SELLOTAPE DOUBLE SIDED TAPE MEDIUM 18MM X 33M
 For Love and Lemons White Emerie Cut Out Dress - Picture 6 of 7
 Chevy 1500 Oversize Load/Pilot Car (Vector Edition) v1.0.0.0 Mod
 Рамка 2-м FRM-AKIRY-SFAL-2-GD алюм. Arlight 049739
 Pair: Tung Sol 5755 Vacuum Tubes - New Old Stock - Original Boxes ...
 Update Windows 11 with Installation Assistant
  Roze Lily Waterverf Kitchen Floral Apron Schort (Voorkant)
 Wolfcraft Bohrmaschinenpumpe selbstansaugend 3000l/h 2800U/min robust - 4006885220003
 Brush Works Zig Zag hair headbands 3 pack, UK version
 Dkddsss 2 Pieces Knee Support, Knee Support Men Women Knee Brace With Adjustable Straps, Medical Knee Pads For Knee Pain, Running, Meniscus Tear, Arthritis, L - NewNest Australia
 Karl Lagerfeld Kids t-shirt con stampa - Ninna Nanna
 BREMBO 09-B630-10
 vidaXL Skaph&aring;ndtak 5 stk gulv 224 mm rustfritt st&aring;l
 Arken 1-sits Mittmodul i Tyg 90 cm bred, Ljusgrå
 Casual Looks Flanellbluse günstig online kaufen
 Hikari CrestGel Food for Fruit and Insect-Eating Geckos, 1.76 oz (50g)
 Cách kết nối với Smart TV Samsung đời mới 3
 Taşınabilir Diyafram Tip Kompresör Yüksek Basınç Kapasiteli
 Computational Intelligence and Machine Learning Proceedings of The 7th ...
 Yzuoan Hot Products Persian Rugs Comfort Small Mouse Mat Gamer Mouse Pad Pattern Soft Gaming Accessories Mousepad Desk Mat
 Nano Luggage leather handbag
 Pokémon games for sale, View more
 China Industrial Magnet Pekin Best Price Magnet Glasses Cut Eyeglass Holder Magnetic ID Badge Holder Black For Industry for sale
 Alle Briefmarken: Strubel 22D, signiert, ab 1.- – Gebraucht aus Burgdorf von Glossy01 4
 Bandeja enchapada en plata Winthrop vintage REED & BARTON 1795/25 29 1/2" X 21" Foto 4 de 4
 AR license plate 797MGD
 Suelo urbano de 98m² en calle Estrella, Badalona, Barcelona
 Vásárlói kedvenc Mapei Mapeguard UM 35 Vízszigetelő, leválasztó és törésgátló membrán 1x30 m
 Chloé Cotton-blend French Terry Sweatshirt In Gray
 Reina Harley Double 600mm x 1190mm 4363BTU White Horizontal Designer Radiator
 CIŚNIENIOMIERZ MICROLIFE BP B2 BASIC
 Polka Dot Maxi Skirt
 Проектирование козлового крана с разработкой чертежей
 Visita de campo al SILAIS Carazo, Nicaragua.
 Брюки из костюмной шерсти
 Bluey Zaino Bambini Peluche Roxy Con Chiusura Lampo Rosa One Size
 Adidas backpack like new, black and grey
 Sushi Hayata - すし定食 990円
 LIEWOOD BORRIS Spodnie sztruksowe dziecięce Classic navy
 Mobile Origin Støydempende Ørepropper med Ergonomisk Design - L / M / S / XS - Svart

· · · · ·

HOW TO COMPLETE THIS TASK:
The output must consist solely of the lines from the first line of the records through the line containing "Roze Lily Waterverf", reproduced exactly.

RESULT OF THIS TASK:
SELLOTAPE DOUBLE SIDED TAPE MEDIUM 18MM X 33M
 For Love and Lemons White Emerie Cut Out Dress - Picture 6 of 7
 Chevy 1500 Oversize Load/Pilot Car (Vector Edition) v1.0.0.0 Mod
 Рамка 2-м FRM-AKIRY-SFAL-2-GD алюм. Arlight 049739
 Pair: Tung Sol 5755 Vacuum Tubes - New Old Stock - Original Boxes ...
 Update Windows 11 with Installation Assistant
  Roze Lily Waterverf Kitchen Floral Apron Schort (Voorkant)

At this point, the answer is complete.